Ainsi tous les espaces stériles des bas de pentes, ceux de la Possession à Saint-Denis, ceux du Brûlé de Saint-Paul, ceux de la côte de lave fraîche de l'Est à Sainte-Rose, à l'Anse des Cascades, à Basse-Vallée, et dans une moindre mesure ceux de la côte Ouest depuis Saint-Pierre jusqu'à la ravine des Trois-Bassins, restent "lugubres", "remplis de tristesse", et ne sont pas encore, aux yeux de Bory, des paysages dignes d'une belle émotion esthétique.

Quant aux cirques, les paysages qu'ils offrent seront également révélés plus tard. Bory ne les parcourt pas. En revanche, il saisit admirablement la géographie d'ensemble de l'île et sa logique. Il comprend que l'île est formée de deux volcans distincts. S'iI ne parle pas encore de "cirques", il évoque l'existence de trois rivières avec leurs bassins respectifs : ainsi "la rivière des Galets est une des trois grandes rivières à bassins qui naissent de la base du Gros Morne." A l'époque de Bory, ces cirques sont encore à peine parcourus par des chasseurs : "certains chasseurs, dit-on, ont trouvé en la remontant (la rivière des Galets), un pas pour passer dans la rivière de Saint-Etienne et sont sortis par ce torrent, après être entrés par l'autre."

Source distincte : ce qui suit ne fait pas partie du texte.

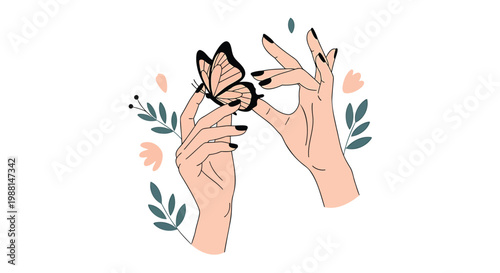 hands releasing butterfly, floral vector illustration, nature graphics, insect release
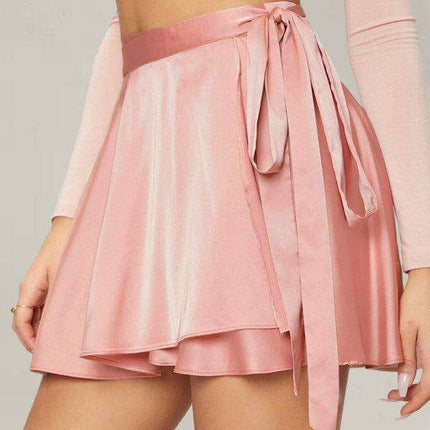 Chic Satin Wrap Mini Skirt for Fashion-Forward Women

Mais l'intérêt majeur du texte de Bory tient à ses descriptions du volcan, qui, bien que stérile lui aussi, offre un spectacle si extraordinaire que les sentiments contradictoires de terreur et d'admiration, d'horreur et de majesté, d'épouvante et de merveilleux, se mêlent dans son récit et font l'exacte définition du sentiment éprouvé à l'époque pour la montagne : le sublime.  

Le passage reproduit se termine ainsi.